══ INFORMATION PROVIDED

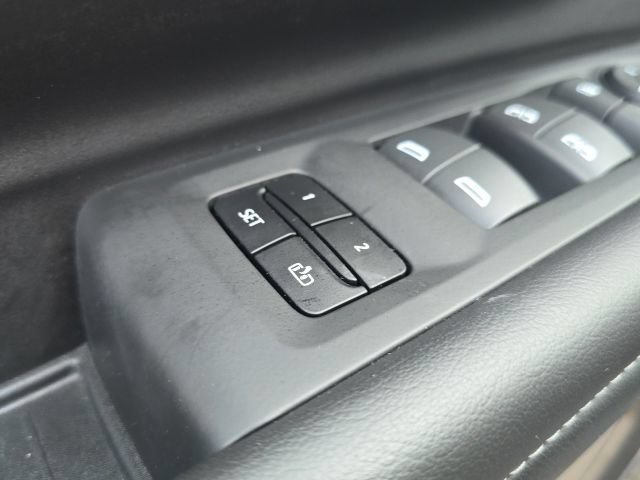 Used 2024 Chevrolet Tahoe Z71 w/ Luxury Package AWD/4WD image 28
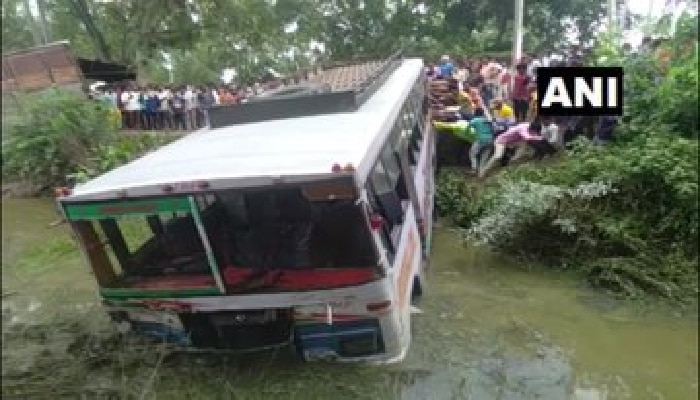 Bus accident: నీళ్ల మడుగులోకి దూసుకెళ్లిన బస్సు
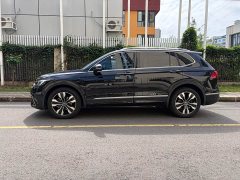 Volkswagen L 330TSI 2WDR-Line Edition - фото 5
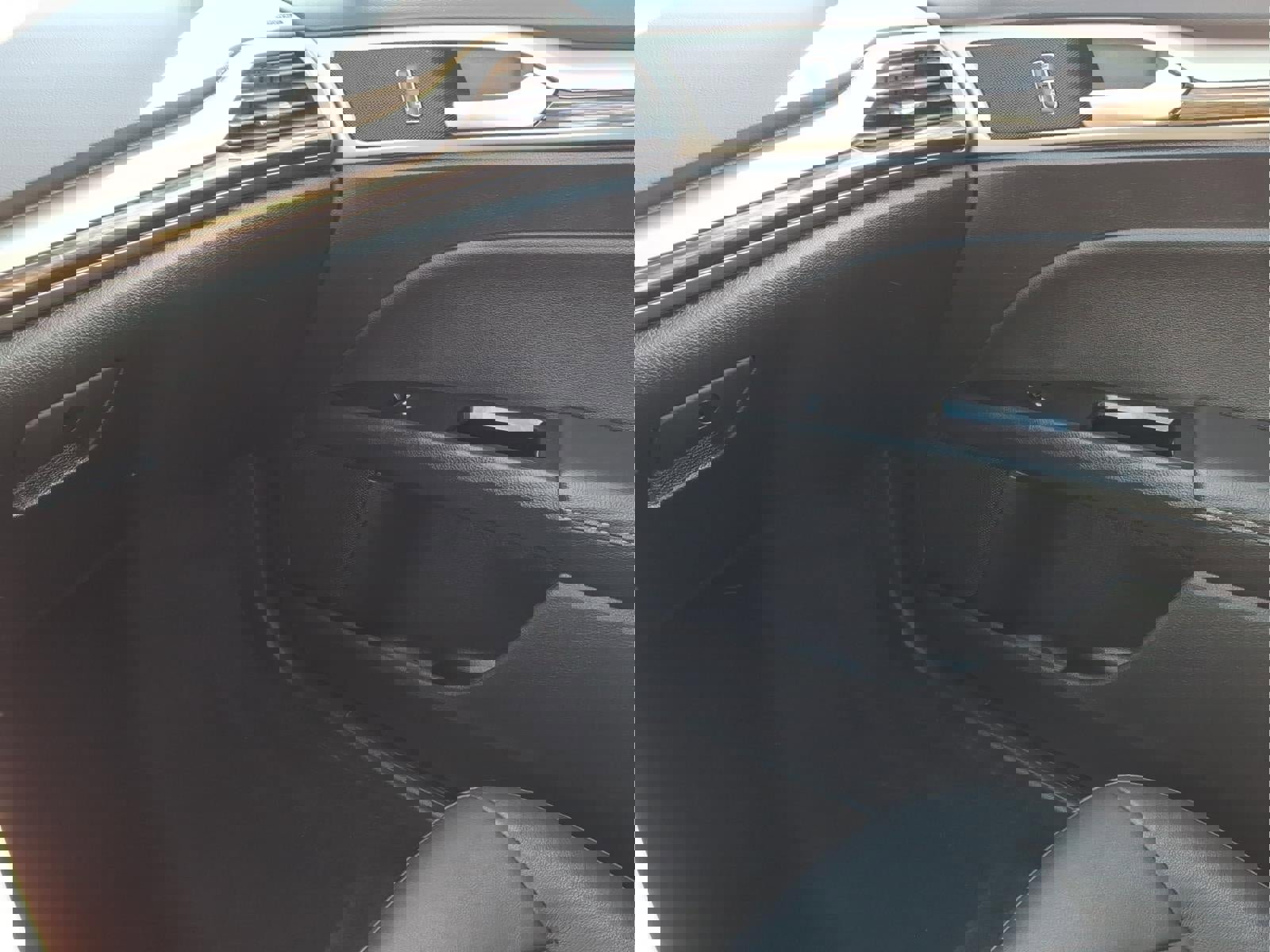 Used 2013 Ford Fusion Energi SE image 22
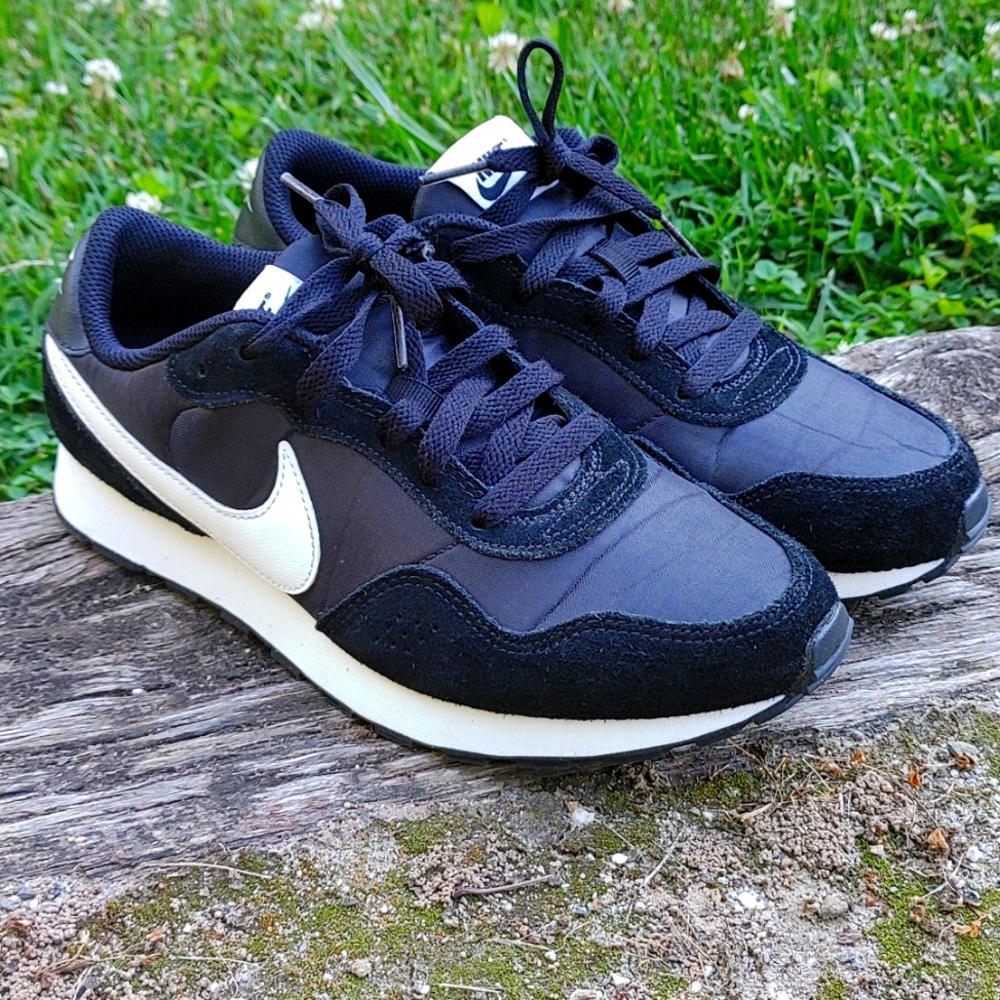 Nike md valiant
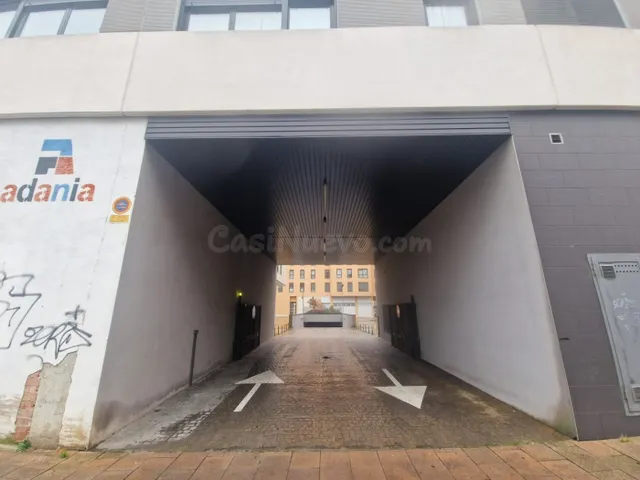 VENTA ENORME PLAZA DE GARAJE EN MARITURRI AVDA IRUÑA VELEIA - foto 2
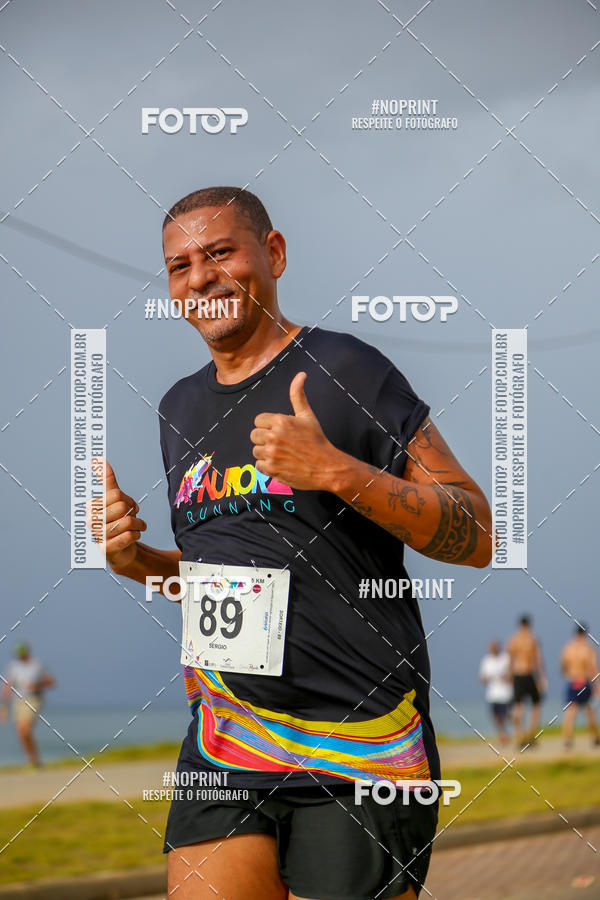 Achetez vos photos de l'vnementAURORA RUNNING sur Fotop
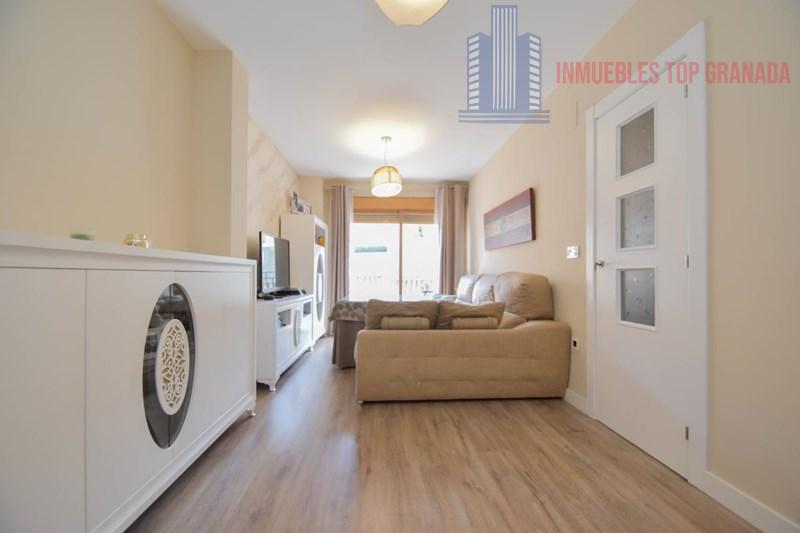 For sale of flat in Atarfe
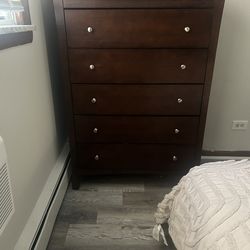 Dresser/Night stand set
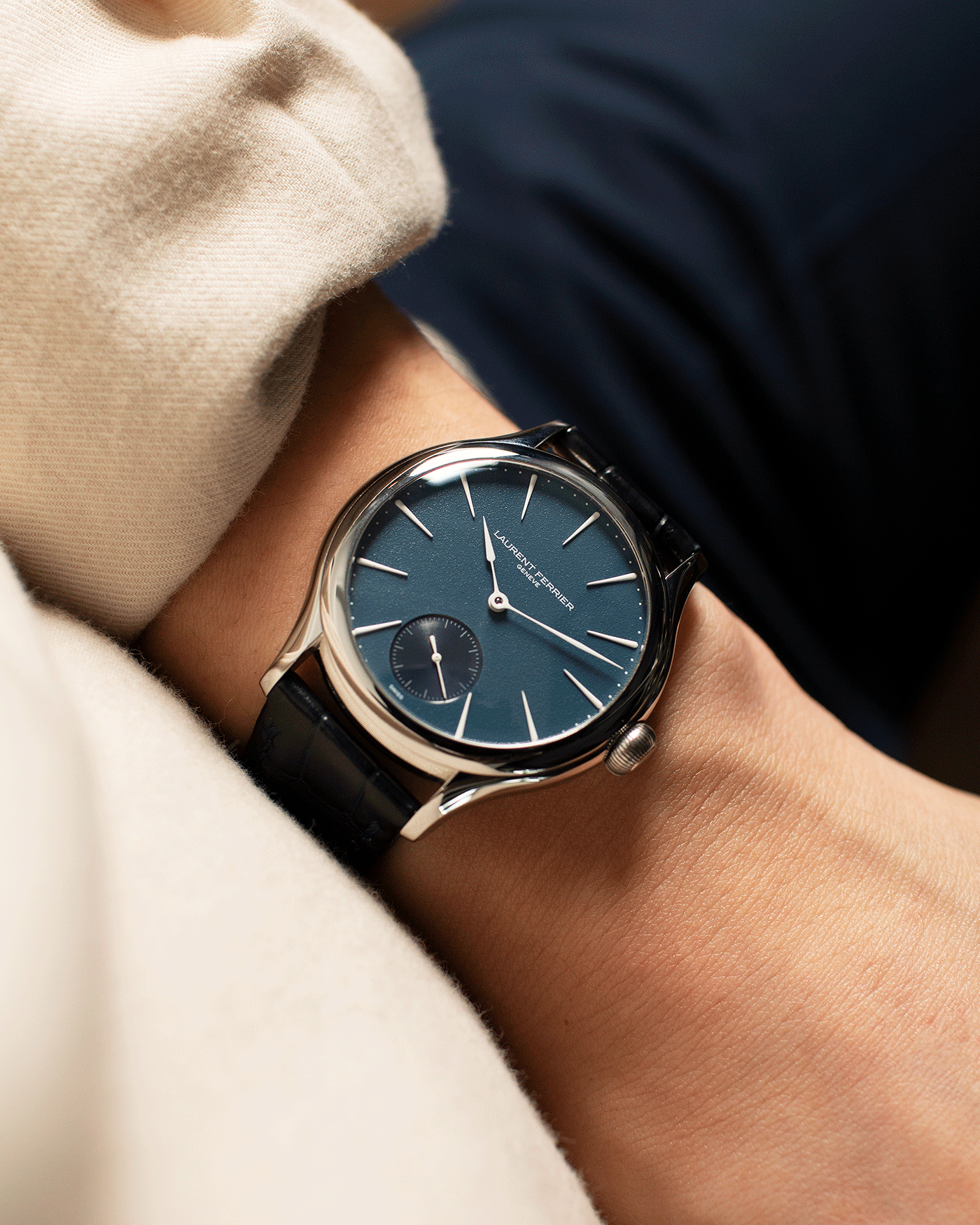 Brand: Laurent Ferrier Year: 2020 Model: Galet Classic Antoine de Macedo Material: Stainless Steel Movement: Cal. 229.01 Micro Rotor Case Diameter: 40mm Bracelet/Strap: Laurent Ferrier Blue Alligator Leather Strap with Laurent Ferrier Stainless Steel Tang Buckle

════

WHAT THIS TASK INVOLVES - No image belongs in the copy. Transcribe the full listing verbatim.

THE ANSWER -
 Used 2024 Chevrolet Tahoe Z71 w/ Luxury Package AWD/4WD image 28
 Bus accident: నీళ్ల మడుగులోకి దూసుకెళ్లిన బస్సు
 Volkswagen L 330TSI 2WDR-Line Edition - фото 5
 Used 2013 Ford Fusion Energi SE image 22
 Nike md valiant
 VENTA ENORME PLAZA DE GARAJE EN MARITURRI AVDA IRUÑA VELEIA - foto 2
 Achetez vos photos de l'vnementAURORA RUNNING sur Fotop
 For sale of flat in Atarfe
 Dresser/Night stand set
 Brand: Laurent Ferrier Year: 2020 Model: Galet Classic Antoine de Macedo Material: Stainless Steel Movement: Cal. 229.01 Micro Rotor Case Diameter: 40mm Bracelet/Strap: Laurent Ferrier Blue Alligator Leather Strap with Laurent Ferrier Stainless Steel Tang Buckle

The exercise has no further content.